Here is the big picture.

The node application will use the Circuit SDK to login to Circuit, post a form to a Circuit conversation and received the post submission. At the same time, the application will connect to the MQTT broker to publish the desired status of the LED strip and will also subscribe to updates coming from the LED strip controller.

MQTT

MQTT, as defined by mqtt.org, is a lightweight machine-to-machine protocol designed to transport publish/subscribe messaging. It is ideal for IoT (Internet of Things) because of its small size, low power usage, minimized data packages, and efficient distribution of information to one or many receivers. Within MQTT, connected clients, subscribe and publish ‘topics’, and these topics have an optional payload with the topic data.

In this project the Nodejs application and the LED strip controller communicate through a Publish/Subscribe MQTT messaging.

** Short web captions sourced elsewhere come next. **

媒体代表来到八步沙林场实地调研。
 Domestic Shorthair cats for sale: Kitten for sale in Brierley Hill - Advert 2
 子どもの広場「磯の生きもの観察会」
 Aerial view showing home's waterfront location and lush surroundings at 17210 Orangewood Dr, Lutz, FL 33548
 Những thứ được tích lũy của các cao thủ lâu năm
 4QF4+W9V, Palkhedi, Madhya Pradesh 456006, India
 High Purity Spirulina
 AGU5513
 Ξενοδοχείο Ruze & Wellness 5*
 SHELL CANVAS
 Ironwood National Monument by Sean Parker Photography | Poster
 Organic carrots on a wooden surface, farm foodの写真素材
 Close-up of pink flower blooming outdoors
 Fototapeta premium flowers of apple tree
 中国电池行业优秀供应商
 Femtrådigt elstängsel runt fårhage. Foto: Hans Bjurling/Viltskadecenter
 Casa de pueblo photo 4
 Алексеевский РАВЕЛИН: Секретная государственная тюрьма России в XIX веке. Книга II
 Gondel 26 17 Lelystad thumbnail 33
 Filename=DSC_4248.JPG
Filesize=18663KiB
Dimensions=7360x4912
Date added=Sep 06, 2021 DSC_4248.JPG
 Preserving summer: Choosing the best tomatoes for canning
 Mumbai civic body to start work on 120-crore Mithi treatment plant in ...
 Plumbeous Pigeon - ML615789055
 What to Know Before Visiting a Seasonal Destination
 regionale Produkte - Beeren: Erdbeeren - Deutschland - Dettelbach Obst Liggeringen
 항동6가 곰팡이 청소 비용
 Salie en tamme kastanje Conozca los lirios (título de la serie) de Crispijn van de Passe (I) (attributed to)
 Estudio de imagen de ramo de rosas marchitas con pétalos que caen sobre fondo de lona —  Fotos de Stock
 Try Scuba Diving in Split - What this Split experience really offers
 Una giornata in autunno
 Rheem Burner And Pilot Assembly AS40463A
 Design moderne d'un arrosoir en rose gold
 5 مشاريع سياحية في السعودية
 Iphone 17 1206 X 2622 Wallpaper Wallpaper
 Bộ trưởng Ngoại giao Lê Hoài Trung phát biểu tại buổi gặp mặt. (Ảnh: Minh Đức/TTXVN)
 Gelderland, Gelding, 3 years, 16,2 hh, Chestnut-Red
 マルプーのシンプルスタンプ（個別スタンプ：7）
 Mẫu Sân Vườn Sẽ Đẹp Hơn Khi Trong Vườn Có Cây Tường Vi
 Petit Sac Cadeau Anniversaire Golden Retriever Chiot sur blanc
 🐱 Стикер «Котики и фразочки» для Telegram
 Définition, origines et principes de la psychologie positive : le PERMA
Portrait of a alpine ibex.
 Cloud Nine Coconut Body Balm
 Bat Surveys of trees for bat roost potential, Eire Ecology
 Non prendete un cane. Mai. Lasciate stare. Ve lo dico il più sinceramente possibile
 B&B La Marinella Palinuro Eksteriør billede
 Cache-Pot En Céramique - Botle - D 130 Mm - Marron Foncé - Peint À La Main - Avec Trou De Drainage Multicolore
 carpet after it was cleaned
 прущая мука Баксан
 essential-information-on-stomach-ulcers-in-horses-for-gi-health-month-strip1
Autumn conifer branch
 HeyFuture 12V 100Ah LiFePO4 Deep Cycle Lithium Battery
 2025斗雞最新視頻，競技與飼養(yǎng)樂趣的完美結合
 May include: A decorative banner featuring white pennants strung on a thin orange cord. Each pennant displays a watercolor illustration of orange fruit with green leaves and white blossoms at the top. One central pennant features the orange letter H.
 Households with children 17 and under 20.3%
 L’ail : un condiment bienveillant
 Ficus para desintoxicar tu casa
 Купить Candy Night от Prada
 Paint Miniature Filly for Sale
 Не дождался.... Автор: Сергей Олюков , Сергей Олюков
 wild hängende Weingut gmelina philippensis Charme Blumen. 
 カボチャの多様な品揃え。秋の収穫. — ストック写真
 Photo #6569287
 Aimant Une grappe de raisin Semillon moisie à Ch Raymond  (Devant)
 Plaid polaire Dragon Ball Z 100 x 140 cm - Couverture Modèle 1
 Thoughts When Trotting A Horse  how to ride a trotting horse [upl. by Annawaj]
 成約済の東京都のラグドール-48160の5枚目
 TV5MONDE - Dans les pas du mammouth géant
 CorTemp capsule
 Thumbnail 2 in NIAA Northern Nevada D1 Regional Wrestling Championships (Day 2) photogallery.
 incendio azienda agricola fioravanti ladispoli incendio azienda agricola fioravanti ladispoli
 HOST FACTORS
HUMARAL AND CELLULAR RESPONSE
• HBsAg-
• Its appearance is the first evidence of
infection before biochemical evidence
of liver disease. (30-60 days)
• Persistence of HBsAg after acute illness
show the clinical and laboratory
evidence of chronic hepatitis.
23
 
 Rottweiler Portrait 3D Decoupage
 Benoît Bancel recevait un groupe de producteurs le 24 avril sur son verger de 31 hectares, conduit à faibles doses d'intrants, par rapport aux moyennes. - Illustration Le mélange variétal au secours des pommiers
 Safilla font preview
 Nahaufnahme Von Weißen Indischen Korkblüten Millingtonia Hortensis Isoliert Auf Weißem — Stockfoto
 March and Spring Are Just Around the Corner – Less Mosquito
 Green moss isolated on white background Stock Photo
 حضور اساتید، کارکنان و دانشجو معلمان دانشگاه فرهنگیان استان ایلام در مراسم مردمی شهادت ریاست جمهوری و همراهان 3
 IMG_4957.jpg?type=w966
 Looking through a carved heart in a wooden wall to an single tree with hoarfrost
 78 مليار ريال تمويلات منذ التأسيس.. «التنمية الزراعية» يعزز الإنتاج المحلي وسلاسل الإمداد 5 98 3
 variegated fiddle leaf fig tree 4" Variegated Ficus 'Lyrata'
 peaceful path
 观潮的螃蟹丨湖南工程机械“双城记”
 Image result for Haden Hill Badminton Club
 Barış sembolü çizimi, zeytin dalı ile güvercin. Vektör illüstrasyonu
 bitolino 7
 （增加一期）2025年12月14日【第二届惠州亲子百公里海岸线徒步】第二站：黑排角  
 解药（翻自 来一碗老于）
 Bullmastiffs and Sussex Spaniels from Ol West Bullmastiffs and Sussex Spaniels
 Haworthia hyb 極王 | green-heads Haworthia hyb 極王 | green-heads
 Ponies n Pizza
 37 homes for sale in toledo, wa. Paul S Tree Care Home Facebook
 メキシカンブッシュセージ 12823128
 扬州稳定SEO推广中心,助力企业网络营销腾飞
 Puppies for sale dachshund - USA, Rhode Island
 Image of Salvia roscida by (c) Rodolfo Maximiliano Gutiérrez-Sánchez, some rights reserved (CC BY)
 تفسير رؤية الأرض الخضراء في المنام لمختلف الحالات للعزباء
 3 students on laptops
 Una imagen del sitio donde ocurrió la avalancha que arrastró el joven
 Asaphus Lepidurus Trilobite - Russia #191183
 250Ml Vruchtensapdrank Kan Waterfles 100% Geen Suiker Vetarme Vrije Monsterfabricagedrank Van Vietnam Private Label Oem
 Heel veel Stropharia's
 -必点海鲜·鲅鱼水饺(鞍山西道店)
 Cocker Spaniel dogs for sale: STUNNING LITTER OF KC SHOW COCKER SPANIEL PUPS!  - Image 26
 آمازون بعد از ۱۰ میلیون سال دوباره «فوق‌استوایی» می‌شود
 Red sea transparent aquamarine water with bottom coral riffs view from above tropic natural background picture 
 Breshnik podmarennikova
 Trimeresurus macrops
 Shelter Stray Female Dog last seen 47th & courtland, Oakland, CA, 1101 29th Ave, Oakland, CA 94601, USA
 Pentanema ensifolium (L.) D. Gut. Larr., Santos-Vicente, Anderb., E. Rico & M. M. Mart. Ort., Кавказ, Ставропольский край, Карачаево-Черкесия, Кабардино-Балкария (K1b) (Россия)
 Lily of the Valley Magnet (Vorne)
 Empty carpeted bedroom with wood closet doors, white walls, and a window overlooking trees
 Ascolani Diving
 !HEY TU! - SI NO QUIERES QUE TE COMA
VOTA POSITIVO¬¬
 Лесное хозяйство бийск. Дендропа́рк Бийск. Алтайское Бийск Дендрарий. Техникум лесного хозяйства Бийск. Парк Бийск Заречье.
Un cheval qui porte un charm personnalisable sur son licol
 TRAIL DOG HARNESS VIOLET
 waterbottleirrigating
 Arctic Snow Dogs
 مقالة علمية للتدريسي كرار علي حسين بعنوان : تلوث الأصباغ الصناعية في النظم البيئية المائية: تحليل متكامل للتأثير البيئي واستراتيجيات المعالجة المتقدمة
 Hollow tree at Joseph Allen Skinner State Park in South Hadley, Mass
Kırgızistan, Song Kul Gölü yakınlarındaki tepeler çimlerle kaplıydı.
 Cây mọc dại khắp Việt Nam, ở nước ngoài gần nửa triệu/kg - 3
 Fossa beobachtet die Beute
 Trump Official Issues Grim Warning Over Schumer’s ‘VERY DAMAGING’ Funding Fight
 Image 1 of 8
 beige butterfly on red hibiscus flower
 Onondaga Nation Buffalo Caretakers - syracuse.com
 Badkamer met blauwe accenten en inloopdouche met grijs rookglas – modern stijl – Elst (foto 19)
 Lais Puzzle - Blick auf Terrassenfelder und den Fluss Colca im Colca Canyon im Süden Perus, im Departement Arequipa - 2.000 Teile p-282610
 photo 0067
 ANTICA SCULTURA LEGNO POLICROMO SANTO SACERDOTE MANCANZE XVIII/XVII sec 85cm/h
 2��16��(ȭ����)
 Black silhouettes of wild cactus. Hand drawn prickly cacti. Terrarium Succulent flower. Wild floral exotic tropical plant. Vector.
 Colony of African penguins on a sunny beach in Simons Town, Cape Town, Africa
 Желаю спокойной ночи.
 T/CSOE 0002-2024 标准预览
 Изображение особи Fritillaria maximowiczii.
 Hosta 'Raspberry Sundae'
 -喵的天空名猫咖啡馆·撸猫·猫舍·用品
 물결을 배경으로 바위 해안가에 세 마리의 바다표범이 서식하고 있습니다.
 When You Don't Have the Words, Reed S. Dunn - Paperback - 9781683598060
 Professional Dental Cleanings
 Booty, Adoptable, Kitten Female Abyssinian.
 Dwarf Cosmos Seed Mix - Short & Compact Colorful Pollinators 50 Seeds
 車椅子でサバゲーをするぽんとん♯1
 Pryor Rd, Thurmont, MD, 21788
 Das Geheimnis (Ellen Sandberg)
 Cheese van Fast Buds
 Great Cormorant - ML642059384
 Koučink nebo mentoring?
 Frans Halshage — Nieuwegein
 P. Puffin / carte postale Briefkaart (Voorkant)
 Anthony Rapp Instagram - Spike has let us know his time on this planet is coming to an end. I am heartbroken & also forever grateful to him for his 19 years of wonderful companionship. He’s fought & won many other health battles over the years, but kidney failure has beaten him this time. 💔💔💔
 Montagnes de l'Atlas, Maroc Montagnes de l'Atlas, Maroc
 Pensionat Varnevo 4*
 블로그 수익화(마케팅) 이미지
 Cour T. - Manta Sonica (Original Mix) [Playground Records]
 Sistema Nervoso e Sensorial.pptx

So the node app subscribes to the ‘state’ topic published by the LED controller with the actual status of the LED strip and publishes the ‘set’ topic to change the status of the lights which the controller is subscribed to.

Circuit

Circuit clients and the Nodejs app communicate by posting and submitting web forms.

Let’s see how the Nodejs application logs into Circuit and connects to the MQTT broker to complete the end to end communication.

Logging into Circuit is fairly easy after instantiating the Circuit client just invoke logon API. Notice how the application adds an event listener for the ‘formSubmission’ event. The application will receive this event when the user submits the control form from the Circuit client.

Connecting to the MQTT broker is also straightforward thanks to the mqtt node module.

Also, in this case, the application needs to register handlers for some events like ‘connect’, ‘error’ and ‘message’. This last one is the handler that will be invoked when the ‘topic’ we subscribed for is being published. So, that is next, let subscribe for the event the RGBW LED controller will publish to report the actual state of the lights

With this, the app is initialized. Let’s post the lights control form to a Circuit conversation by means of the Circuit SDK API addTextItem:

Notice how the item contains a form object with different kinds of controls, the options values, and defaults. When posting it into a Circuit conversation, it looks like this:

Now, the Circuit client user can select the brightness, color or a flashing effect and submit the form. At this time the node application receives the ‘formSubmission’ event with the form controls values. Based on those values it builds the JSON object that is then published to the MQTT broker.

Finally, the controller receives the MQTT message and sets the lights accordingly.

Let watch a short video demonstration:

Wrap up

If you got here you are probably thinking there are more ‘practical’ ways of controlling an LED light, and you would be right. However, this article is intended to show how powerful the Circuit platform is, and how easy is to integrate anything by using the Circuit SDK.

Regardless, if you want to replicate the experiment here you can find not only the software but also all the schematics to build the RGBW controller.

The LED strip controller runs on a SoC ESP8266
The LED strip controller runs on an SoC ESP8266

For practical reasons I made both the node application and the MQTT broker running on the same machine (Raspberry PI 3B+) but, of course, they could be on different machines or devices as long as they have TCP connectivity over the broker port, typically 1883.

I used the Eclipse Mosquitto MQTT broker. Installation on the Raspberry PI cannot be easier as it is available through the main Raspberry repository.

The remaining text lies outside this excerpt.